La riflessione di Arpaia si muove sul filo della memoria tanto che si può parlare di un libro “per” la letteratura più che “di” letteratura. Insomma, Arpaia non ha preteso di scrivere una biografia, ma un utile orientamento per chi si cimenterà nell’analisi critica dell’opera di Lucho.

Direi che gli spunti che ci offre il libro sono infiniti. Vediamo di sintetizzarli.

La memoria. Basta un titolo: L’ombra di quel che eravamo, tra le pagine più belle di Lucho. “Insomma, passava il tempo, l’età incalzava, e Luis – scrive Arpaia – sembrava sempre più impegnato a frugare nella memoria in una resa dei conti con il suo passato, che rivendicava senza esitazioni, ma che non esitava a passare sotto la lente della critica o dell’ironia per quanto conteneva di ingenuo o di sbagliato”. In tal senso è fondamentale ciò che Lucho e la dolcissima moglie Carmen decidono: non più sei mesi in Cile e sei mesi a Gijòn. Il suo Cile di gioventù, il suo Cile in lotta contro Pinochet era ormai un paese diverso e la memoria non bastava più. Memoria belle e drammatica al tempo stesso. Ormai la Spagna era la patria.
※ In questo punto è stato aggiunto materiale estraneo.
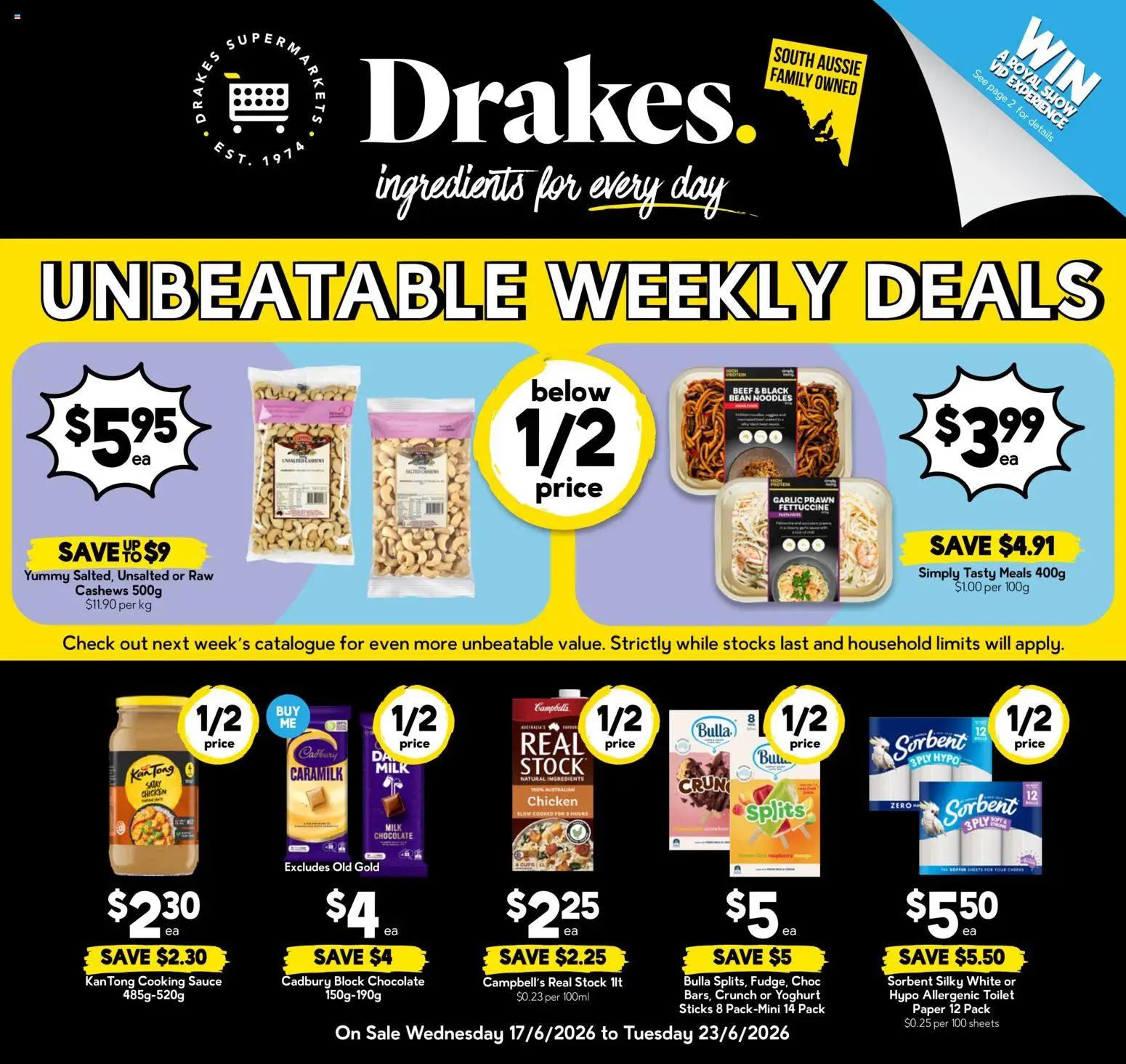 Preview of catalogue Drakes catalogue from shop Drakes valid 17/06/2026 - Toilet, Household, Milk, Yoghurt, Chocolate, Chicken, Beef, Garlic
Lo stile. Lucho scriveva per farsi leggere. Nessun approccio barocco, nessuno sperimentalismo. Semplice ed essenziale.

La politica. Grande passione della sua vita, certo. Grande sofferenza, ovvio. Ma soprattutto supremo strumento per cambiare il presente. Ma che, come sono ridotte le sinistre nel mondo oggi, lascia in Lucho un sentimento misto di irritazione e delusione.

Il successo. Arriva, ne gusti il sapore, ma, sia chiaro, se ti piace stare in compagnia degli amici e bere del buon rosso, vai in trattoria e rifuggi dallo ‘star system’. Così faceva Lucho.

La Gabbianella. Il romanzo che più ha commosso e aiutato per lo meno due generazioni. Io ho un ricordo tutto mio che, immagino, sia condivisibile con molte mamme e molti babbi: mio figlio Niccolò, ora ultramaggiorenne e accanito studioso di politica internazionale, era fanciullo vivace, vivacissimo, quasi insonne. Mai smetterò di ringraziare Luis per la Gabbianella: mio figlio continuava a stare sveglio, sveglissimo, a ascoltava (sereno e silente) le mie parole o guardava (sereno e silente) il cartone animato.

La letteratura. Spesso vi dico che è l’unica che può salvarci. Leggendo questo libro di Arpaia me ne convinco sempre più. Perché è “la più dolce delle menzogne” (leggete le pagine 78-79 e 115 e capirete meglio).

Insomma, leggete questo libro. Con il rimpianto di non aver conosciuto come si deve il grande Lucho. Il che ci fa invidiare Bruno. Beato te, diciamo…

Ps Notevolissimo il capitolo sul racconto. Di più non dico per non sciuparvi la sorpresa.